■ Input material:
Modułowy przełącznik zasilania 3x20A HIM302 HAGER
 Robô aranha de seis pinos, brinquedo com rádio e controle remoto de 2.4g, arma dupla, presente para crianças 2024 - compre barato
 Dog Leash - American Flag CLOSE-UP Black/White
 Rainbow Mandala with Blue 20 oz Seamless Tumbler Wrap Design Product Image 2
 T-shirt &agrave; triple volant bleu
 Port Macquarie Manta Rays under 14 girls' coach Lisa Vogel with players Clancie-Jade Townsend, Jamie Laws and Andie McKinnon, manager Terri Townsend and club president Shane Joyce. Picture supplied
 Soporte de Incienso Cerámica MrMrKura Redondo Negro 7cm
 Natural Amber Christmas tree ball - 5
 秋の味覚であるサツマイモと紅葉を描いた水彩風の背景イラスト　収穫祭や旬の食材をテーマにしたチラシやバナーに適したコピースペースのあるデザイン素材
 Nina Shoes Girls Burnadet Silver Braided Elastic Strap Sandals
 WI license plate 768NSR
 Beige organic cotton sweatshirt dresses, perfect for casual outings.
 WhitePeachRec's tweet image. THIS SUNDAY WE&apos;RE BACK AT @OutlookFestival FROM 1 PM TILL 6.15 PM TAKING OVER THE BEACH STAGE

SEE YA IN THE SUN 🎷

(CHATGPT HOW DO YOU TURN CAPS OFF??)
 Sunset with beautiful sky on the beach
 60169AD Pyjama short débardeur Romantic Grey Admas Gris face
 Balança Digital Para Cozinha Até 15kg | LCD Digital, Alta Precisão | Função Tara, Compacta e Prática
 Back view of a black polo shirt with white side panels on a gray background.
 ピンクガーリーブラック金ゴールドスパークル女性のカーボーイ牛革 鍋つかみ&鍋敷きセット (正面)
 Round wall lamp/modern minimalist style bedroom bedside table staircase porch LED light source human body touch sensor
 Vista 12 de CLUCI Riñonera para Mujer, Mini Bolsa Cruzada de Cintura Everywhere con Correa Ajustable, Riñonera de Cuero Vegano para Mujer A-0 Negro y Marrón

■ Task statement: Return the lines from the line containing "Round wall lamp/modern" to the end of the entries above, exactly as they appear and with no other output.

■ Output of the exercise:
 Round wall lamp/modern minimalist style bedroom bedside table staircase porch LED light source human body touch sensor
 Vista 12 de CLUCI Riñonera para Mujer, Mini Bolsa Cruzada de Cintura Everywhere con Correa Ajustable, Riñonera de Cuero Vegano para Mujer A-0 Negro y Marrón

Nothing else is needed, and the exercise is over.